The Ralph-loop¶
Mental model page. This is explanation, not a how-to. For the practical setup path, see Getting Started.
The Ralph loop is the simple core pattern that Ralph Workflow composes into a stronger workflow. It is simple at the center, powerful in composition.
The original insight¶
The Ralph loop is attributed to Geoffrey Huntley (ghuntley.com/ralph). The original insight is disarmingly simple:
Repeat a strong prompt until the model can make real progress.
That’s it. No multi-agent hierarchy, no phase router, no policy engine. Just one prompt, fed back into the model, until the model produces something reviewable.
The original Ralph loop is useful for tiny one-shot work. It does not scale to multi-hour engineering pipelines, and it does not survive the failure modes that show up in real software projects — bad specs, flaky tests, ambiguous requirements, context-window exhaustion.
Ralph Workflow takes the simple core and composes around it.
The composed version¶
Ralph Workflow keeps the simple core — plan, build, verify — and wraps it in the machinery that real engineering needs:
A policy bundle that declares phases, drains, recovery, and terminal conditions (see policy-driven-pipeline)
A phase router that selects the right agent and capability bundle per phase (see phase-routing)
A four-channel watchdog that catches idle, stuck, and crashed agents before they waste hours (see watchdogs-and-timeouts)
An artifact lifecycle that produces reviewable evidence per phase and a single terminal
development_result(see artifact-lifecycle)A verification model that gates the whole pipeline on real checks (see verification-model)
The simple Ralph loop is still the conceptual unit: each phase is a small plan → build → verify loop, with the artifact from one phase becoming the spec for the next.

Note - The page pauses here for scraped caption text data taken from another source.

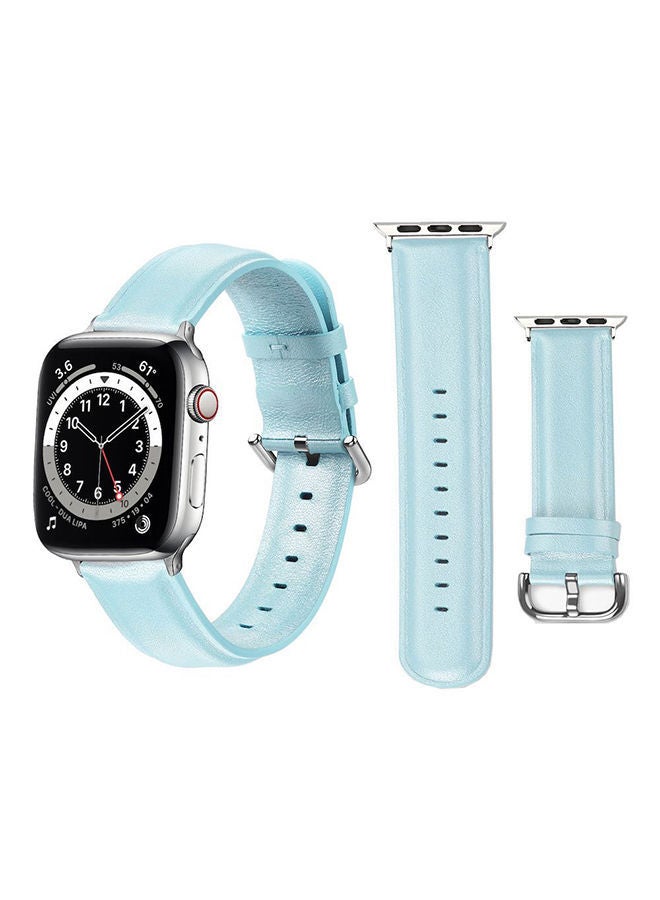 NIBEMINENT Leather Replacement Band For Apple Watch Series 6/SE/5/4/3/2/1 Sky Blue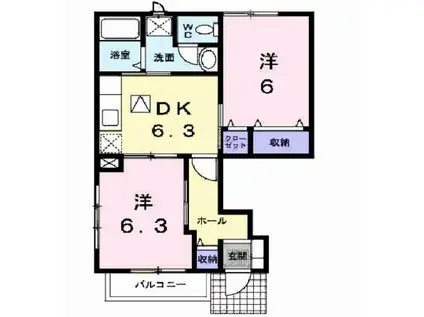ポラリス大湊(2DK/1階)の間取り写真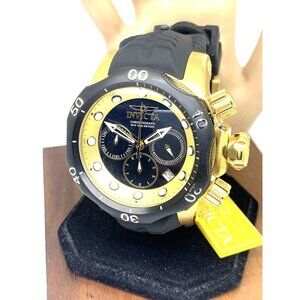 Invicta Mens Watch 22359 Venom Quartz Black MOP Dial Gold Case Rubber Strap 54mm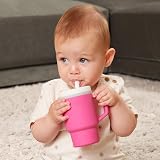 Infantino My 1st Tumbler 9 oz Bubble Gum Leak-Resistant Straw Handle view 7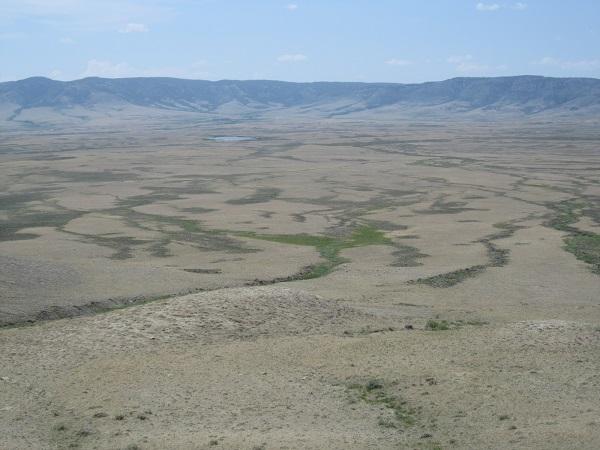 aerial view of the landscape the interns surveyed: a brown plain with mountains in the distance.
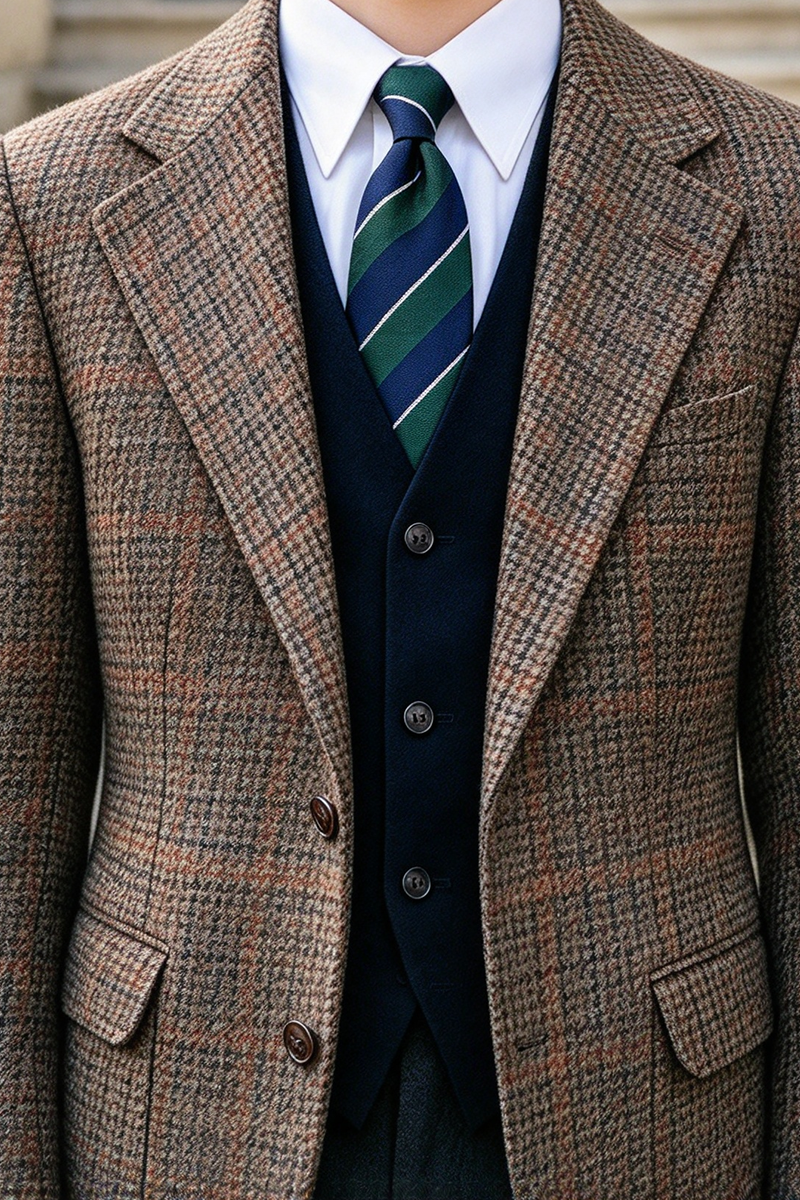 Boys Brown Tweed 2-Piece Suit with Notch Lapel
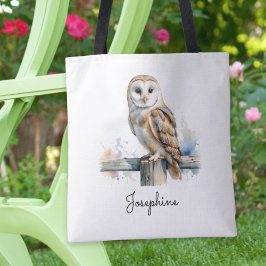 Bolsa Tote Watercolor Barn Owl Personalized Reusable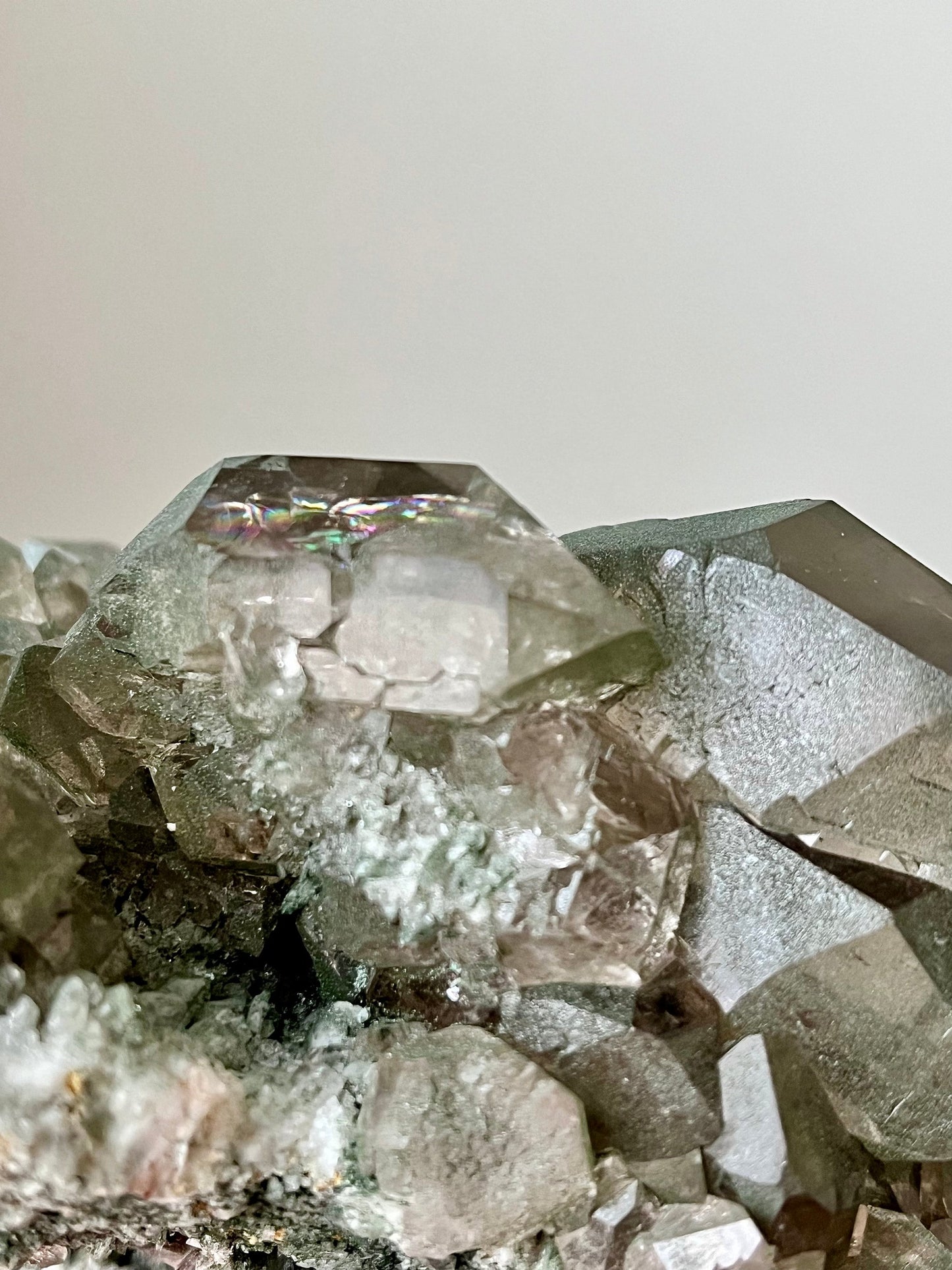 Alpine Smoky Quartz with Double Gwindels, Chlorite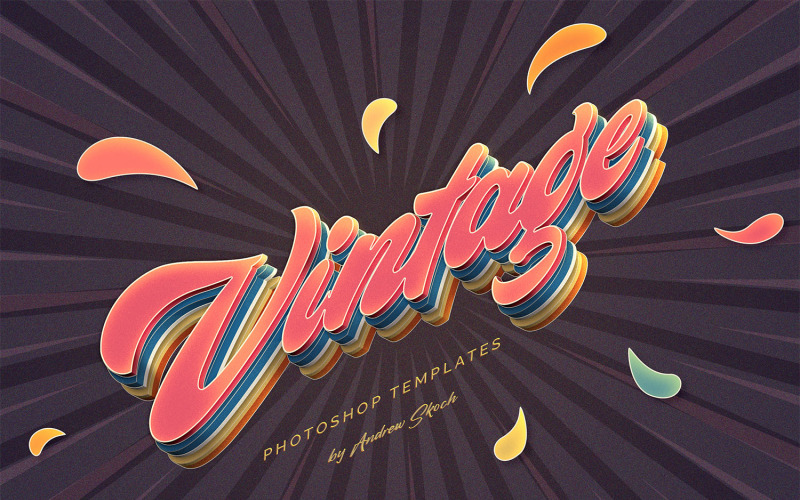 Plantillas de Photoshop con efectos de texto antiguos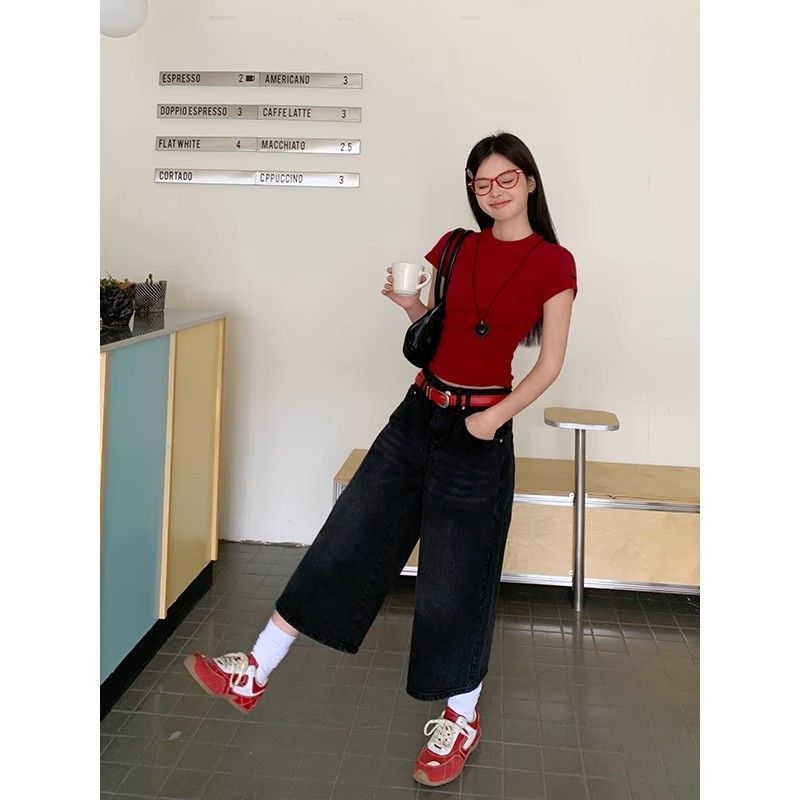 小個子美式黑灰色高腰闊腿牛仔七分褲夏季復古寬松百搭休閑直筒褲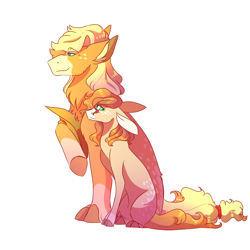 Size: 3000x3000 | Tagged: safe, artist:uunicornicc, applejack, oc, oc:butterscotch, earth pony, pony, alternate hairstyle, applejack's hat, blank flank, cowboy hat, dappled, duo, female, filly, floppy ears, hat, magical lesbian spawn, mare, offspring, parent:applejack, parent:rarity, parents:rarijack, raised hoof, simple background, sitting, white background, worried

The composed workflow is a Ralph loop of Ralph loops.
Inner loop vs outer loop¶
It helps to distinguish two scopes:
Scope |
What it is |
Lives where |
|---|---|---|
Inner |
One phase, one agent, one prompt |
|
Outer |
The full plan → build → verify → review pipeline |
|
The inner loop is what a chat-coding user does by hand: prompt → response → iterate. The outer loop is what Ralph Workflow adds: structured routing, retry, recovery, and review across many inner loops.
When you read the code, the inner loop is mostly in ralph/agents/. The
outer loop is mostly in ralph/pipeline/ and ralph/policy/.
Why the simple core matters¶
The simple core is what makes Ralph Workflow legible rather than magical. You can always answer the question “what is happening right now?” by naming which inner loop is running, which agent is on the hook, and which phase the outer loop is routing.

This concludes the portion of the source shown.